Work task:
Please repeat the records below exactly, skipping any pictures.

Data for review:
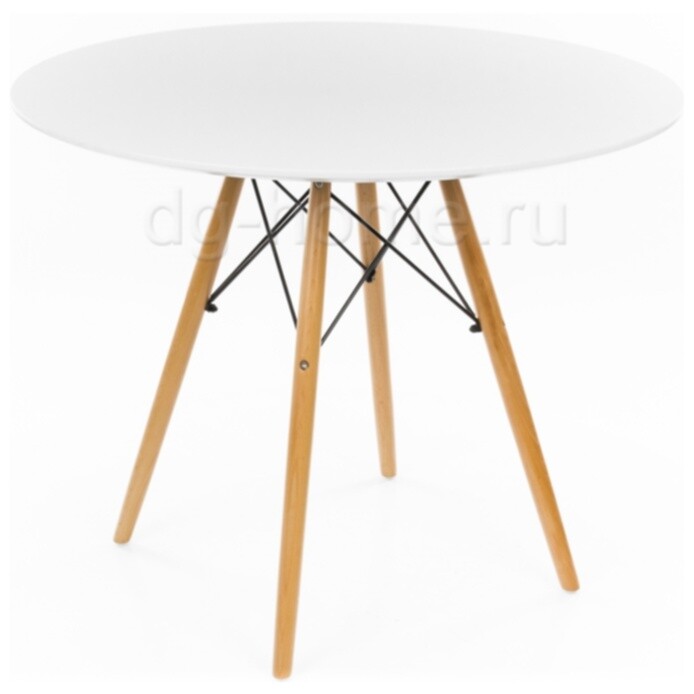 Обеденный стол круглый белый с деревянными ножками 90 см Eames style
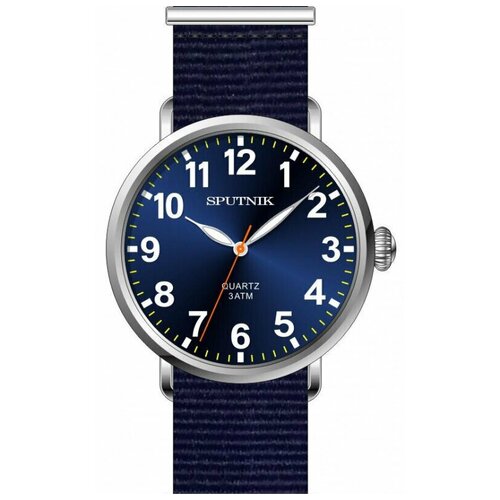 фото Мужские наручные часы спутник м-858530 н-1 (синий) текст. рем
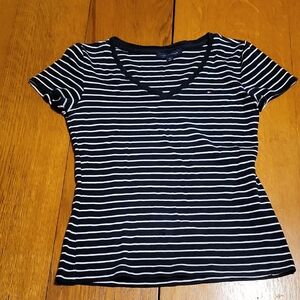 Tommy Hilfiger Black and White Striped V-Neck Tee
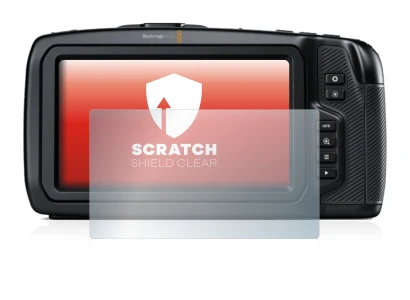 Image of the device Blackmagic Pocket Cinema Camera 6K with a wide variety of screen protectors.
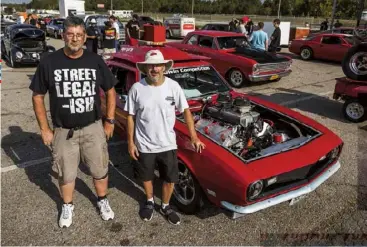  ??  ?? James ‘Doc’ Mcentire’s ’68 Camaro is the quickest and fastest naturally aspirated street car in the world, with a PB of 7.96@169mph. The engine is a custom Goodwin Competitio­n 709ci ‘semi-hemi’ backed by a Powerglide and 9in with a Gear Vendors. The Camaro has been to Drag Week 10 times and finished every time. “Drag Week is the best week of no sleep you can have,” said Doc, who ended up winning the Pro Street NA class this year with an average of 8.050sec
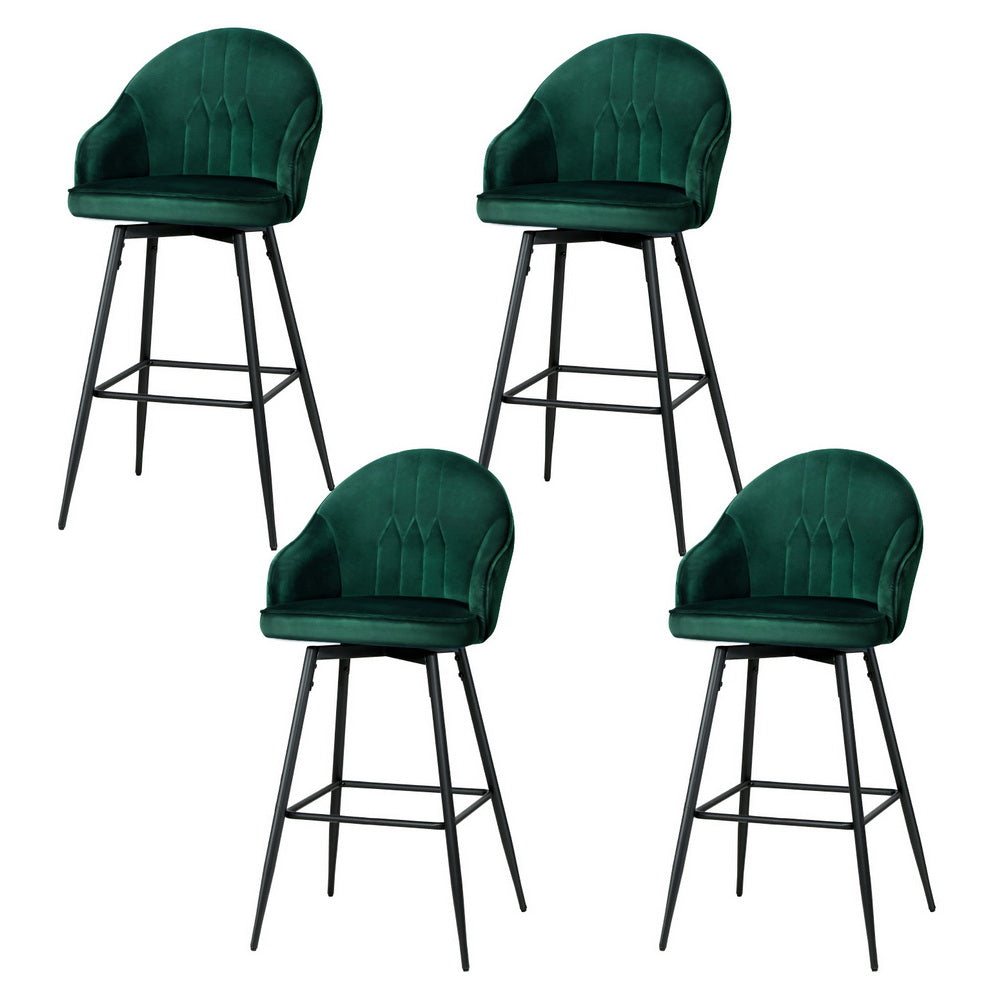 Artiss 4x Bar Stools Velvet Swivel Metal Legs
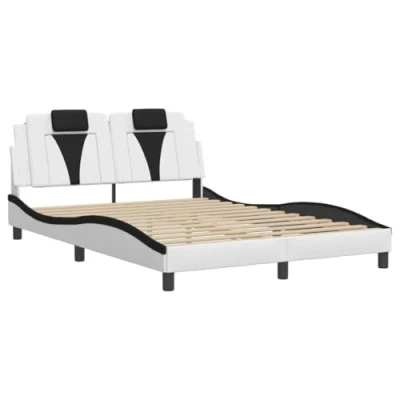 Afbeelding van vidaXL Bedframe met LED verlichting kunstleer wit en zwart 120x200 cm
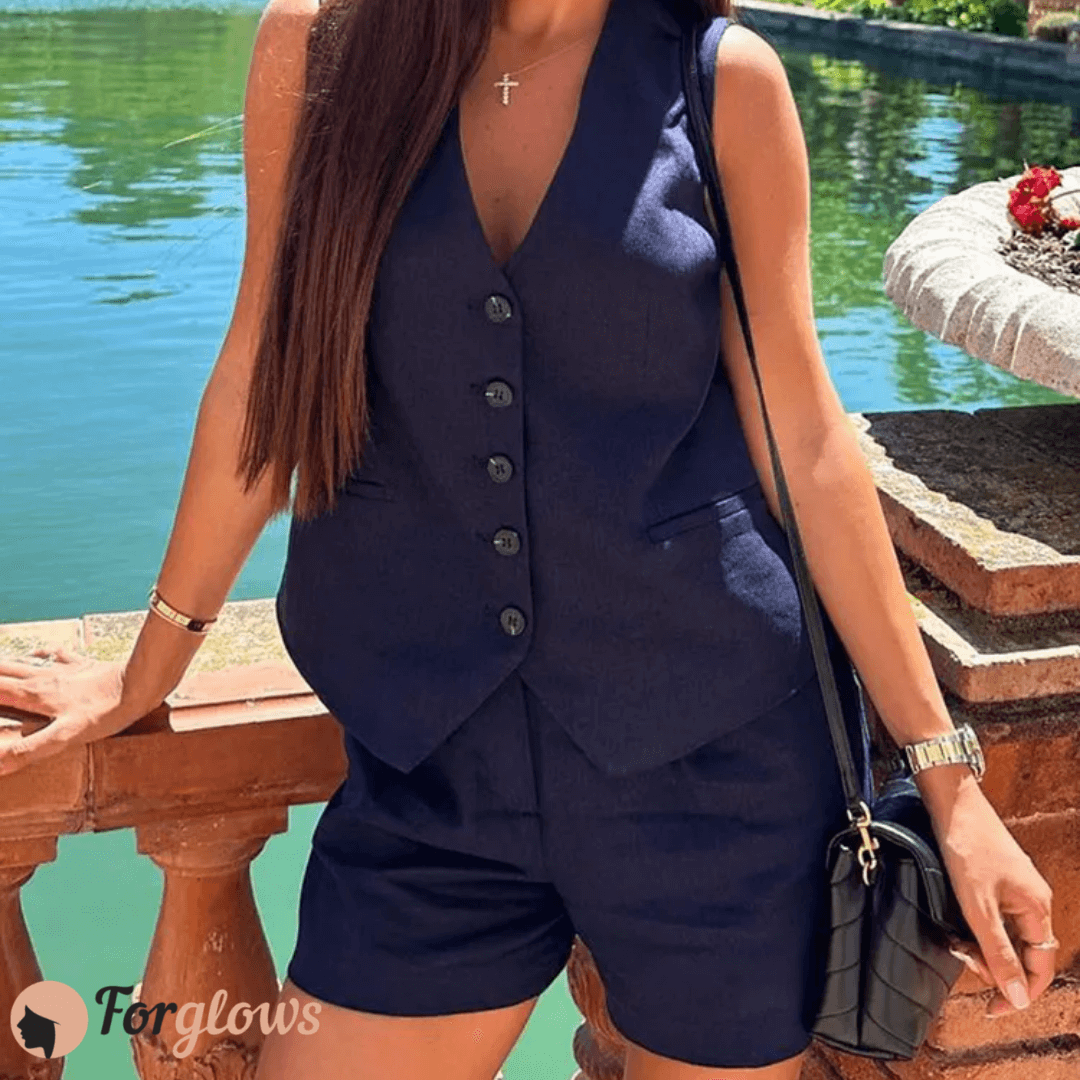 Conjunto Feminino Alfaiataria Short e Colete Tássia Forglows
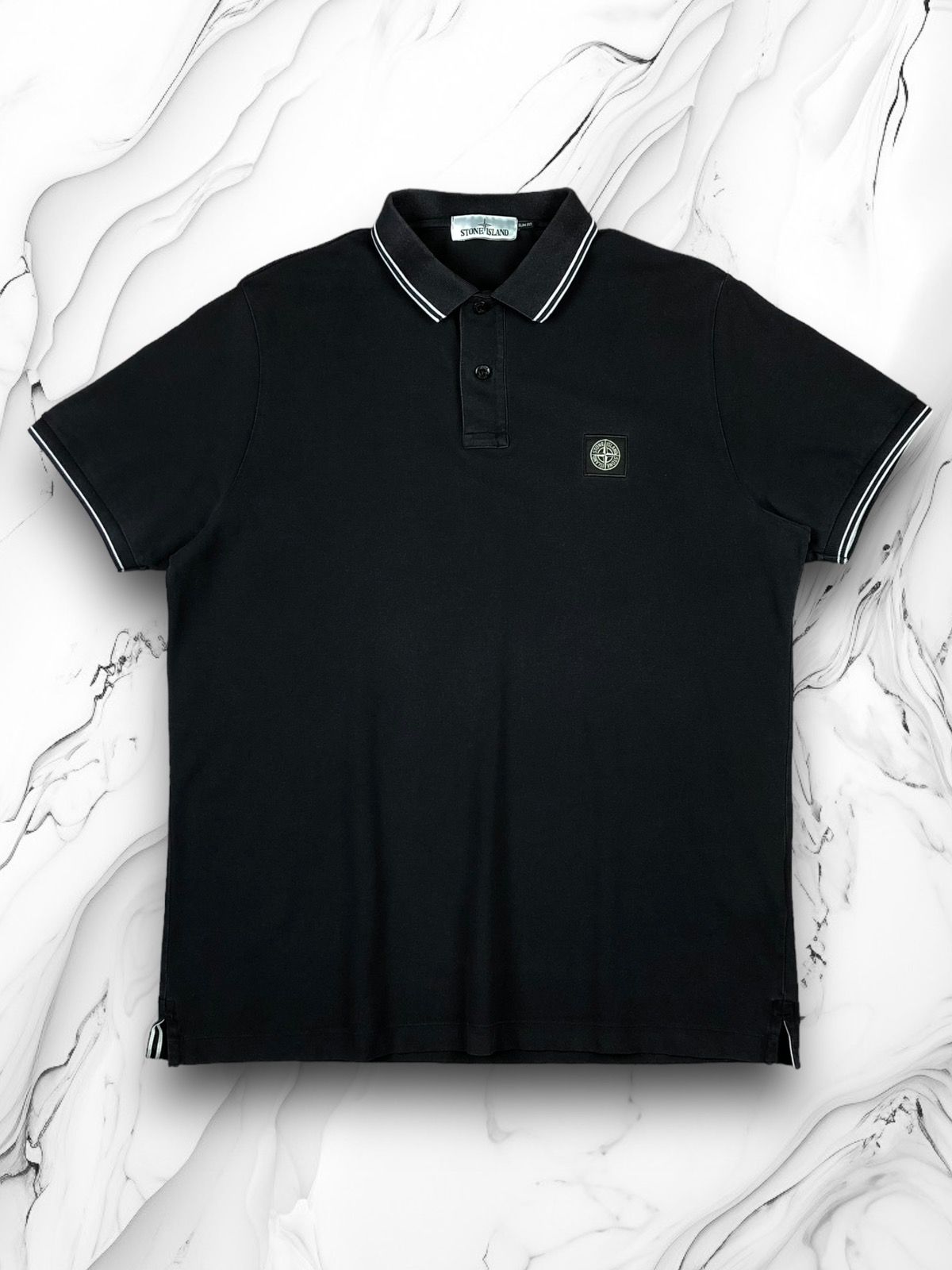 Pre-owned Stone Island Patch Program Logo Polo In Black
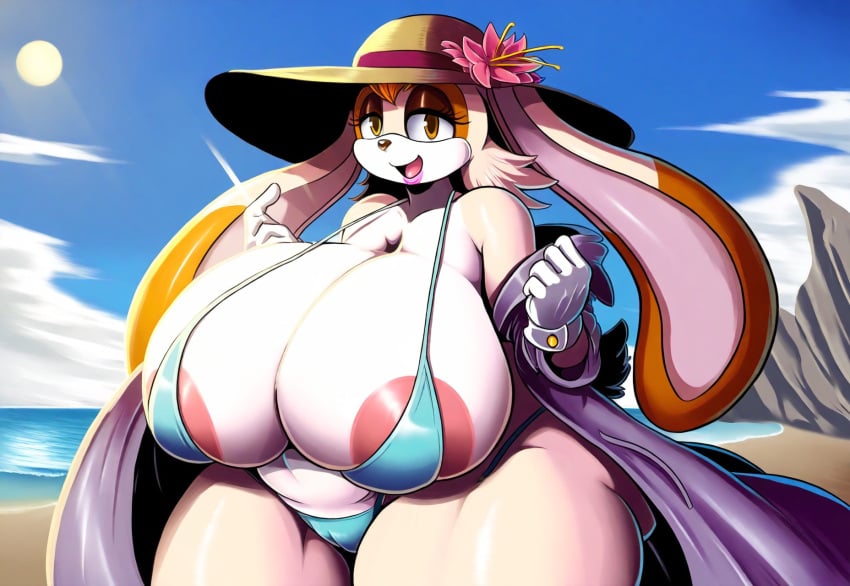 1girls ai_generated anthro areola areola_slip beach big_breasts bikini breasts_bigger_than_head cameltoe clothed female furry huge_breasts mature_female milf mullon novelai rabbit rabbit_ears rabbit_girl rabbit_humanoid sega sonic_(series) sonic_the_hedgehog_(series) top_heavy vanilla_the_rabbit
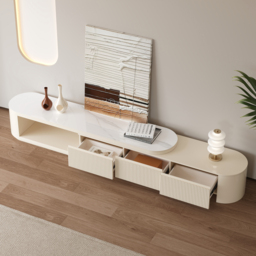 Extendable TV Stand Modern Sintered Stone Top Media Console with 3 Drawers in White - thumbnail 8
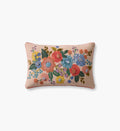 Vintage Garden Embroidered Lumbar Pillow - Pink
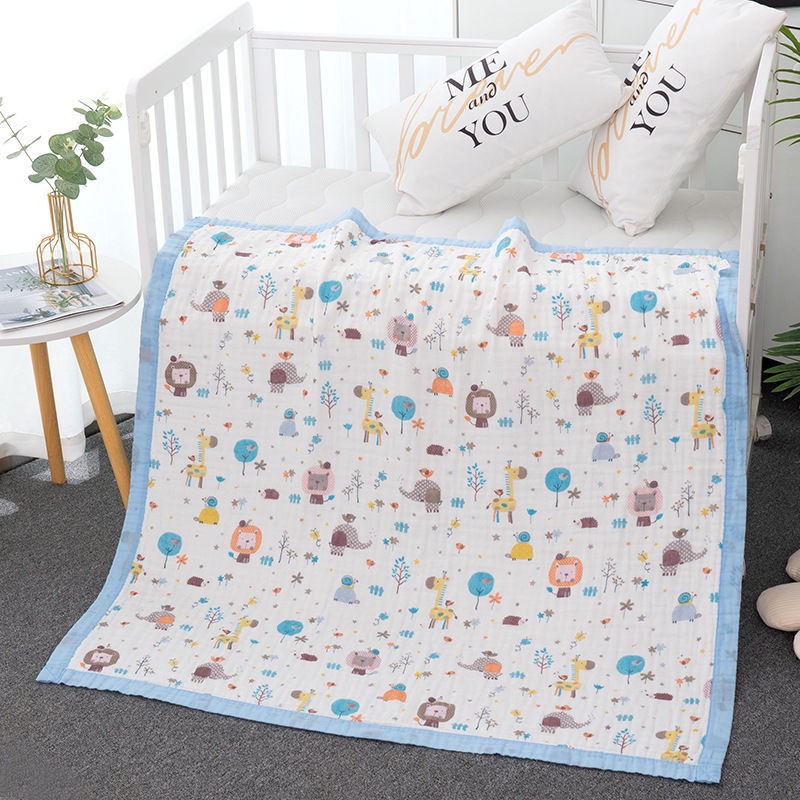Khăn tắm xô sợi tre 6 lớp có viền màu cho bé, Khăn xô tắm cho béChăn xô 6 lớp cho bé sơ sinh KT 110x110cm Thị Nắng Store
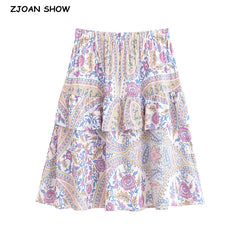 Contrast Color Flower Print Knee length Skirt Ruffle A-line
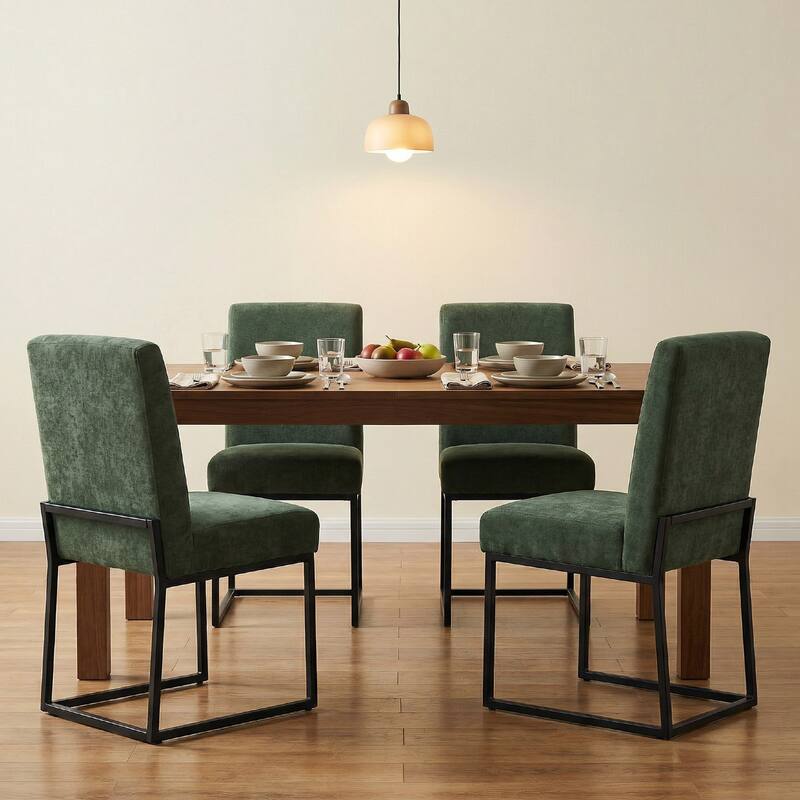 Mid Century Modern Dining Chair with Black Metal Legs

Response to this task:
 Обеденный стол круглый белый с деревянными ножками 90 см Eames style
 фото Мужские наручные часы спутник м-858530 н-1 (синий) текст. рем
 Tommy Hilfiger Black and White Striped V-Neck Tee
 Image of the device Blackmagic Pocket Cinema Camera 6K with a wide variety of screen protectors.
  ??  ?? James ‘Doc’ Mcentire’s ’68 Camaro is the quickest and fastest naturally aspirated street car in the world, with a PB of 7.96@169mph. The engine is a custom Goodwin Competitio­n 709ci ‘semi-hemi’ backed by a Powerglide and 9in with a Gear Vendors. The Camaro has been to Drag Week 10 times and finished every time. “Drag Week is the best week of no sleep you can have,” said Doc, who ended up winning the Pro Street NA class this year with an average of 8.050sec
 Artiss 4x Bar Stools Velvet Swivel Metal Legs
 Afbeelding van vidaXL Bedframe met LED verlichting kunstleer wit en zwart 120x200 cm
 Conjunto Feminino Alfaiataria Short e Colete Tássia Forglows
 Pre-owned Stone Island Patch Program Logo Polo In Black
 1girls ai_generated anthro areola areola_slip beach big_breasts bikini breasts_bigger_than_head cameltoe clothed female furry huge_breasts mature_female milf mullon novelai rabbit rabbit_ears rabbit_girl rabbit_humanoid sega sonic_(series) sonic_the_hedgehog_(series) top_heavy vanilla_the_rabbit
 Extendable TV Stand Modern Sintered Stone Top Media Console with 3 Drawers in White - thumbnail 8
 Vintage Garden Embroidered Lumbar Pillow - Pink
Khăn tắm xô sợi tre 6 lớp có viền màu cho bé, Khăn xô tắm cho béChăn xô 6 lớp cho bé sơ sinh KT 110x110cm Thị Nắng Store
 Contrast Color Flower Print Knee length Skirt Ruffle A-line
 Mid Century Modern Dining Chair with Black Metal Legs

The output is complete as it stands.